Monetary Ownership of Air

Question

(Sorry that I sent the question by mistake without text; I forgot to paste the text.)
Can there be monetary ownership of air? I saw in the Talmudic passage in Bava Kamma, in the dispute between Rav and Shmuel about liability for a pit—whether it is because of the harmful vapor or because of the impact—that Rav does not impose liability because of the impact, and the Talmud’s reasoning is that he holds one is not liable because it is public ground. And in the medieval authorities (Rashi, Shitah Mekubetzet) it seems that the reason is that it is not his property but everyone’s property, and Rav imposes liability only for one’s own property. So the question arises: is the vapor that accumulated in the pit considered his property? Can one take ownership of vapor? And if so, how does one take ownership of vapor—by pulling, money, taking possession?
Thank you

Answer

You do not have to assume that the vapor is his property. It is enough that it is not someone else’s property. A pit in the public domain is one of the things that are not in a person’s domain, yet the Torah treated them as if they were in his domain in order to make him liable for them. But according to Rav, public ground belongs to everyone, and therefore one cannot impose liability on that basis.
Indeed, it should be noted that in the laws of acquisition there is no ownership of air. This is one of the things defined as something without substance (the airspace of a courtyard). It is commonly thought that this means ownership is not defined there at all, but in my opinion it means that ownership of the air belongs to the owner of the land beneath it. That is, it is not that you cannot own the airspace of the courtyard; rather, you cannot detach ownership of the air from ownership of the courtyard. See my article on copyright in Techumin 25. According to this, ownership of the vapor must be considered. You cannot own it when the ground beneath it is public ground. Though perhaps one can distinguish: even if you cannot own it, it still does not belong to the public. Only the ground belongs to the public.
For example, in the well-known dispute of the amoraim about fire, Rabbi Yohanan holds that liability for one’s fire is because it is like one’s arrows, since ownership cannot apply to fire (something without substance).
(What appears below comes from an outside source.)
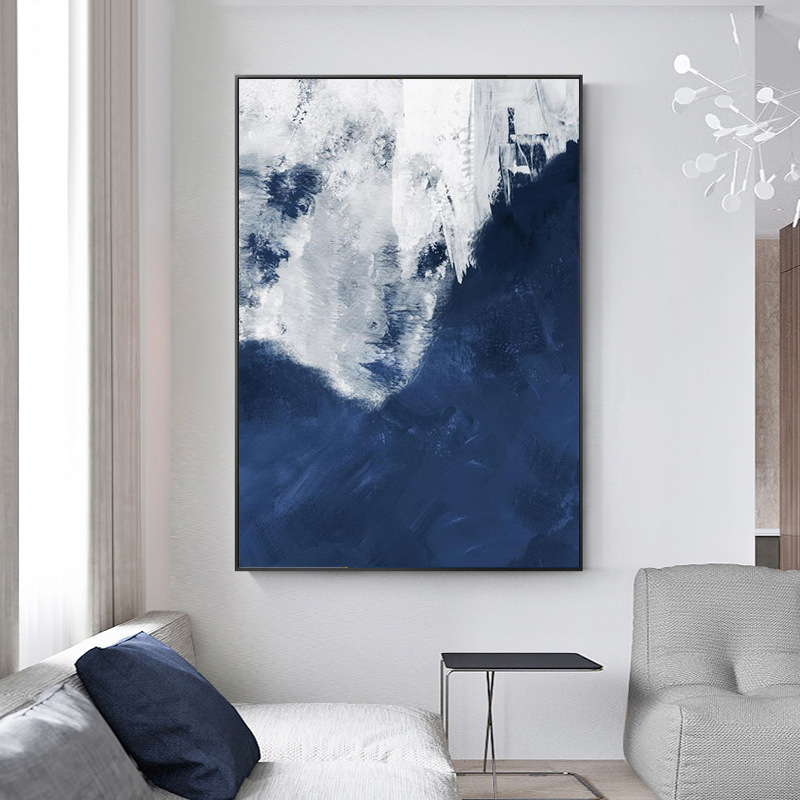 0成交1副相似外贸油画发财树油画布画芯酒店客厅卧室床头装饰画无框画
But he does not exempt the person because of that; rather, he makes him liable because it is like his arrows.

Discussion on Answer

Nahum (2019-12-08)

Is the reason there is no ownership of fire, as explained in the Talmud in Beitzah—that it is even permitted for someone forbidden by vow to benefit from another’s property to benefit from the flame of the one who imposed the vow—the reason there would be no copyright? And what would those who disagree and hold that there is copyright answer? After all, a creation is certainly something without substance.

Michi (2019-12-08)

First, in my article I showed that there is ownership of information/an idea.
Second, I do not know of any “disputants” (other than me; the halakhic decisors base copyright on rabbinic law or encroachment, the law of the land, and the like).
Third, above I cited Rabbi Yohanan’s view that liability is because it is like his arrows. A similar solution can be found for copyright: even if there is no ownership over it, it is part of me (my body), like “the children of my spirit.”

Nahum (2019-12-08)

How would you explain the Talmud in Beitzah, which says that it is permitted for someone forbidden by vow to benefit from another’s property to benefit from that person’s flame? Only if you say that it is ownerless; because if it is part of the one who imposed the vow, that should be forbidden.

Michi (2019-12-08)

When the flame is already with the beneficiary, or simply gives him benefit, it is no longer the property of the one who imposed the vow (“a candle for one is a candle for a hundred”). When it goes out and causes damage, it is considered his force—like a pit, which the Torah treated as being in its owner’s domain in order to make him liable for it.

Nahum (2019-12-08)

I didn’t completely understand. When I copy someone’s song, the prohibition would seemingly be that I am using his creation without permission. The point is that in the Talmud in Beitzah it is explained that there is no ownership of a flame regardless of the rule “a candle for one is a candle for a hundred,” because regarding a burning coal it is explained that there is ownership—if I light a fire from it, it would be forbidden. So there is no ownership that takes effect on something without substance.

Michi (2019-12-09)

With a flame, when you take it or benefit from it, it is yours and not his. With a burning coal, it is always his, and if you light from it then you used what is his.
As for the song, it does not matter that you copied it. The physical song perhaps you copied, but the information you took—you did not copy it. In my article on copyright I explained that the information is part of him; it is his uniqueness.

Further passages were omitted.